EXERCISE DETAILS >> Once the line containing "A modern bathroom" is found in the data below, repeat it and every later line exactly, leaving the pictures out.

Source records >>
################

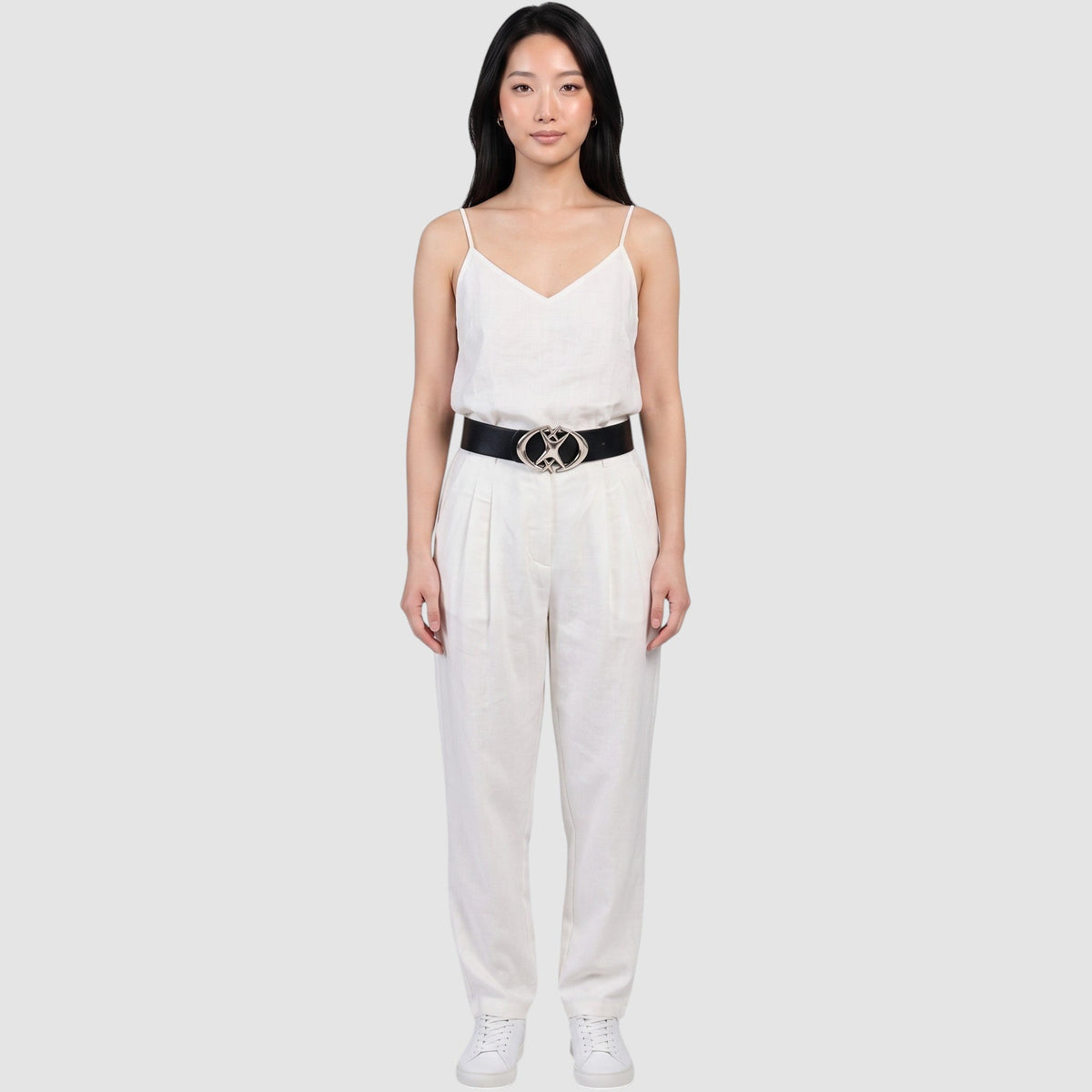 Y2K Avenue black faux leather belt with a silver star-shaped buckle worn by a model in a white linen outfit.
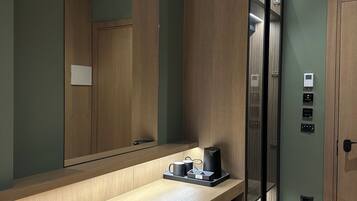 A modern bathroom with a wooden vanity, a mirror, a towel, and a toilet.
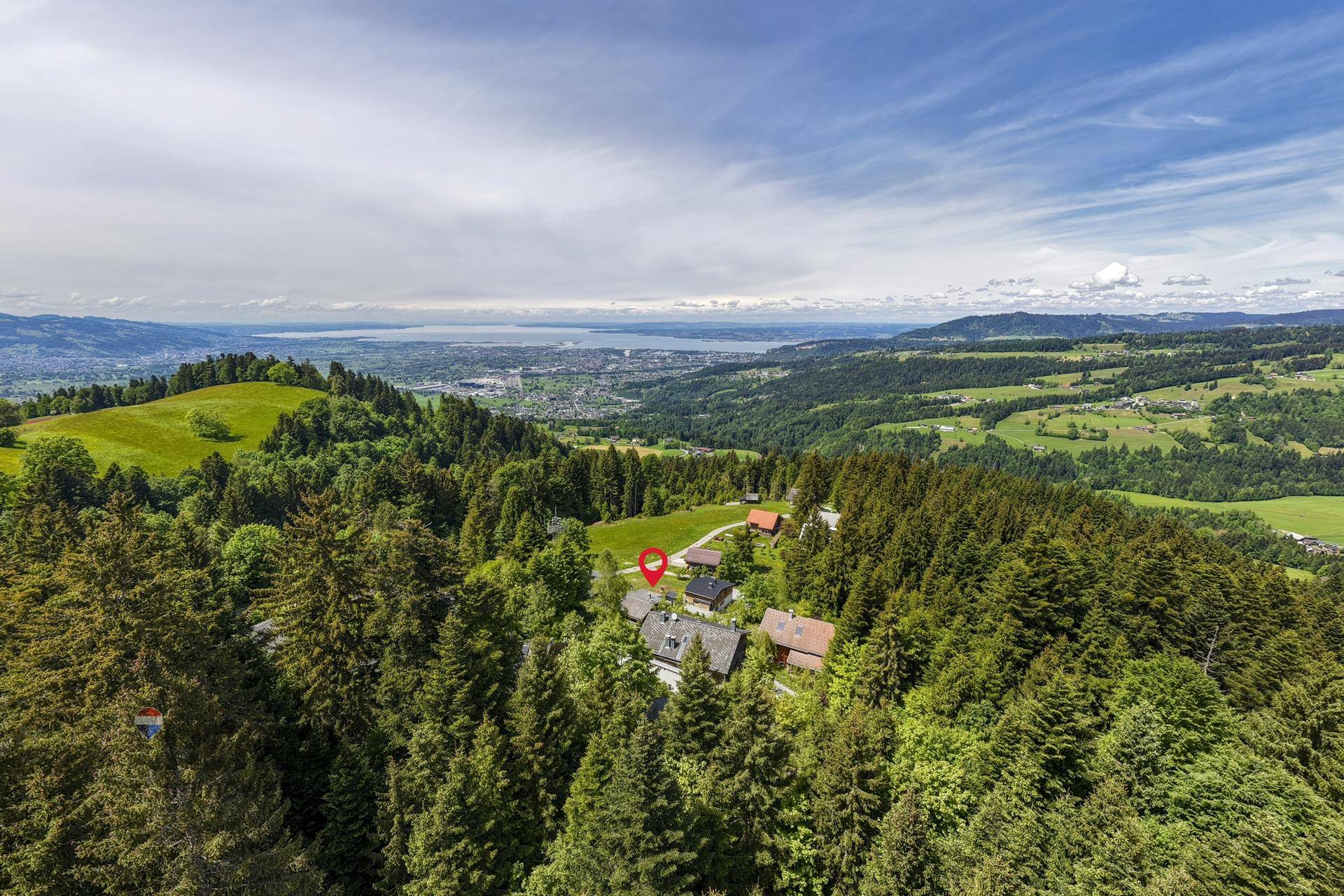 Luftaufnahme einer bewaldeten Hügellandschaft mit verstreuten Häusern und einem See in der Ferne.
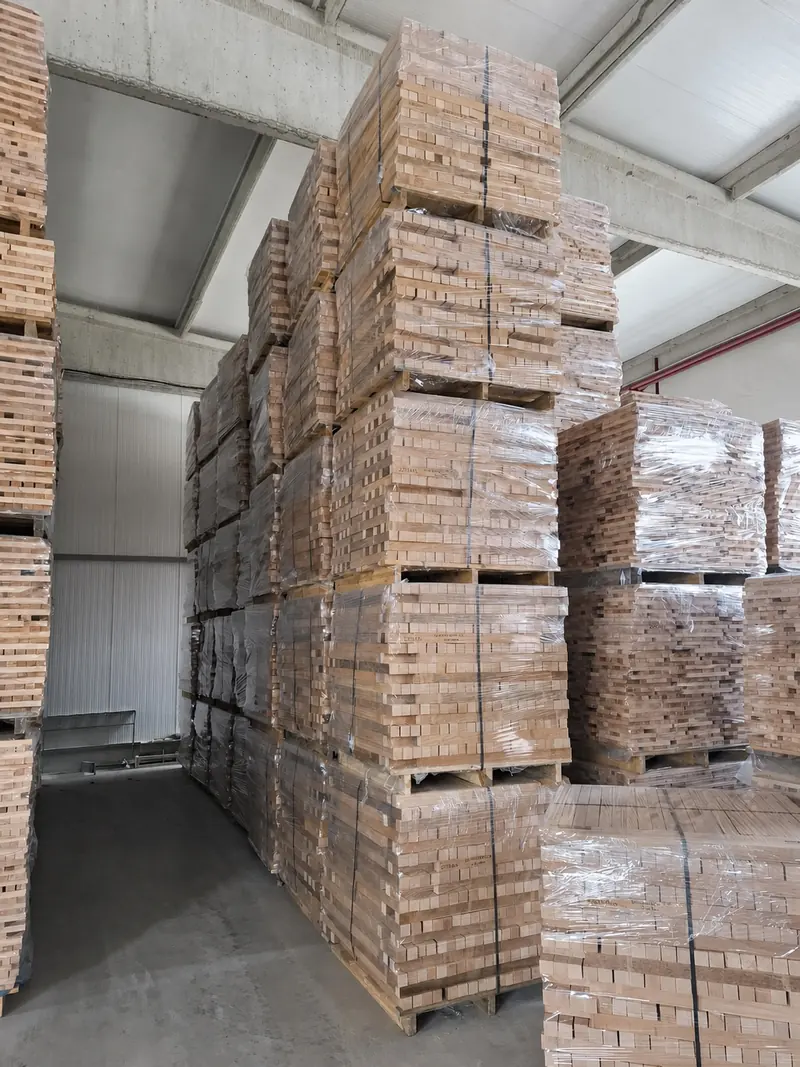 Warehouse stacked high with palletised and wrapped bed-slat element packs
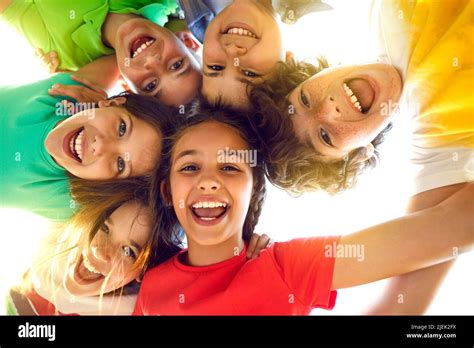 Group Of Happy Little Children Playing Together Having Fun Huddling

################

EXERCISE ANSWER >>
 A modern bathroom with a wooden vanity, a mirror, a towel, and a toilet.
 Luftaufnahme einer bewaldeten Hügellandschaft mit verstreuten Häusern und einem See in der Ferne.
 Warehouse stacked high with palletised and wrapped bed-slat element packs
 Group Of Happy Little Children Playing Together Having Fun Huddling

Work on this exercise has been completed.